F.W. and W.W. report the patent (WO2017020982A1) “Agents for use in the treatment of glioma.” F.W. is co-founder of DC Europa Ltd (a company trading under the name Divide & Conquer) that is developing new medicines for the treatment of glioma. Divide & Conquer also provides research funding to F.W.’s lab under a research collaboration agreement. The remaining authors declare no competing interests.

Figures

Fig. 1
Fig. 1. Rationale and combined experimental/analysis pipeline for deep brain tumor imaging.
a Left: Autopsy brain slice of a patient with IDH-WT glioblastoma. The corpus callosum (CC) is labeled with a dashed line. Arrowhead indicates main tumor mass; arrow indicates tumor infiltration in the CC as seen in the inset. Middle: Tumor infiltrated CC in S24 PDX mouse model. The CC is labeled with a dashed line, fluorescently labeled glioblastoma cells (GBMCs) are shown in green. Arrow indicates glioma infiltration of the CC. Right: Percentage of CC infiltration in human autopsies (n = 43 patients) and in PDX models (n = 23 PDX models). b Workflow of Deep3P. Upper left: Establishment of in vivo patient-derived glioma xenograft model. GBM cell lines are derived from patients and stably transduced with mGFP and injected into mice brain. Upper right: Combination of 2PM and 3PM to identify target regions for deep brain imaging.

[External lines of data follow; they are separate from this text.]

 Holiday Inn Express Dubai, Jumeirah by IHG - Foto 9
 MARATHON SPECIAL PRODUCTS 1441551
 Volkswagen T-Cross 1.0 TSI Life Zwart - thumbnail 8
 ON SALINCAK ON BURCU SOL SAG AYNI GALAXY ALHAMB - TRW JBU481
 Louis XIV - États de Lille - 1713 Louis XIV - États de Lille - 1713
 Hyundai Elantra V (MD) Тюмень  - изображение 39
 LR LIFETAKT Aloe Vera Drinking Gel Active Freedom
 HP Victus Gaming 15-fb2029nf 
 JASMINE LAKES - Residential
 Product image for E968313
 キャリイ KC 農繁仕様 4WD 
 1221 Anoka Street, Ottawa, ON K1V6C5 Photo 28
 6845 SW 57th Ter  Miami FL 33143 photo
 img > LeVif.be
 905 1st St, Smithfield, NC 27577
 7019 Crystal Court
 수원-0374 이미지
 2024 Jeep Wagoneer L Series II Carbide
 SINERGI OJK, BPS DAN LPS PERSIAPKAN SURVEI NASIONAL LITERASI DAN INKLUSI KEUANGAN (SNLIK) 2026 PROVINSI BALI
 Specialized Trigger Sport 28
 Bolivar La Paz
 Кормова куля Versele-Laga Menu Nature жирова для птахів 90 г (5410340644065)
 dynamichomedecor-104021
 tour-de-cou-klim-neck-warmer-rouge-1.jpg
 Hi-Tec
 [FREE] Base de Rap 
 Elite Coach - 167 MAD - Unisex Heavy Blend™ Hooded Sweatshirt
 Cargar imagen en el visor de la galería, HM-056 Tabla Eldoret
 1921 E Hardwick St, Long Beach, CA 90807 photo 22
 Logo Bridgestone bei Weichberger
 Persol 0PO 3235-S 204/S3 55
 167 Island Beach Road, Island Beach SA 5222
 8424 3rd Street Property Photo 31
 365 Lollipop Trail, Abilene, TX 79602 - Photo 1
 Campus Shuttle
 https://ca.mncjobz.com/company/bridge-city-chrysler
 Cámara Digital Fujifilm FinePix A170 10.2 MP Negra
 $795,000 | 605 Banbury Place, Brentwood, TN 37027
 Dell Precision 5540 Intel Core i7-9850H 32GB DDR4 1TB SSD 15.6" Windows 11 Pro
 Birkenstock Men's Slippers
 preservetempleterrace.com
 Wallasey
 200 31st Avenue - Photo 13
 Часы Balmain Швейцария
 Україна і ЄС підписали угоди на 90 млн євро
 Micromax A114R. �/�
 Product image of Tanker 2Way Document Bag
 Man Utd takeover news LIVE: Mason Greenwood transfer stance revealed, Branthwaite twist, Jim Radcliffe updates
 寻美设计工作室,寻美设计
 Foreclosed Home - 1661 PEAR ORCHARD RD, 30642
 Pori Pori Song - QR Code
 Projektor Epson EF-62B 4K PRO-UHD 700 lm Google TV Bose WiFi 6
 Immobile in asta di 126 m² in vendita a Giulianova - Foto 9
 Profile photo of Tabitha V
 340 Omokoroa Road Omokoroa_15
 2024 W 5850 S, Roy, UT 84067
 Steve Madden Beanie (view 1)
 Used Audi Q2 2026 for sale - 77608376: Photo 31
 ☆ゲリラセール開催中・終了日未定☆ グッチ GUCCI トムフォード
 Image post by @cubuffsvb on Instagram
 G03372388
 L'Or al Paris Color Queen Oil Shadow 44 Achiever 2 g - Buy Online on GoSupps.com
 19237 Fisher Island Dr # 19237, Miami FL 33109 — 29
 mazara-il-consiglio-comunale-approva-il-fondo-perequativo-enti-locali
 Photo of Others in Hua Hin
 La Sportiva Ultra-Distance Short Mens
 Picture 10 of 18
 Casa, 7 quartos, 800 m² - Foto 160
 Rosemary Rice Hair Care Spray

Bottom: Deep brain imaging in the CC and subsequent deep and machine learning based post-processing to allow simultaneous myelin, vessel and tumor analysis. Created with BioRender.com released under a Creative Commons Attribution-NonCommercial-NoDerivs 4.0 International license (https://creativecommons.org/licenses/by-nc-nd/4.0/deed.en).
Fig. 2
Fig. 2. AO-enhanced 3PM and AI-based denoising allows near-diffraction limited resolution at large image depths and high SNR imaging.
a 3D renderings showing 2PM and 3PM imaging down to approximately 1000 µm. Gamma values were adjusted for 3D visualization. b SNR of 2PM and 3PM along depths, normalized to the SNR at the brain surface. The dashed red line in (a, b) indicates the imaging depth at which biological structures cannot be clearly discerned anymore in 2PM in contrast to 3PM (approximately 450 µm). c Scheme of 3PM and adaptive optics setup. Modified from Fig. 1a in Ref. 22. d Exemplary GBMC imaged without (top left) and with (bottom left) AO optimization and the corresponding images on the THG channel (top and bottom right). The line indicates the line segment averaged over to produce the line profiles in (e), (n = 6 experiments with similar results) showing the effect of uncorrected optical aberration on the visibility of fine cellular structures. The inset on each panel shows the frequency domain power spectrum of the image, with the ring indicating 1 µm length scale. e Line profile comparisons for both mGFP and THG channels showing intensity enhancement. f The averaged radial profile of the frequency maps is shown, allowing easier estimation of the respective frequency cut-offs. g Exemplary 3PM images with and without AO optimization on the mGFP channel at different depths in deep cortex and CC (left and middle) and on the THG channel within the CC (right). Zoom-ins are shown on the right. Arrowheads show TMs (left), a shadow of a cell nucleus that is caused by the membrane-bound GFP labeling (middle), and a blood vessel (right) on AO on and off images. TMs, the cell nucleus, and the blood vessel are not clearly visible without AO (n = 6 experiments with similar results). Source data are provided as a Source Data file.
Fig. 3
Fig. 3. Denoising of AO-3PM and subsequent machine learning allows brain tumor imaging across the entire cortex and corpus callosum.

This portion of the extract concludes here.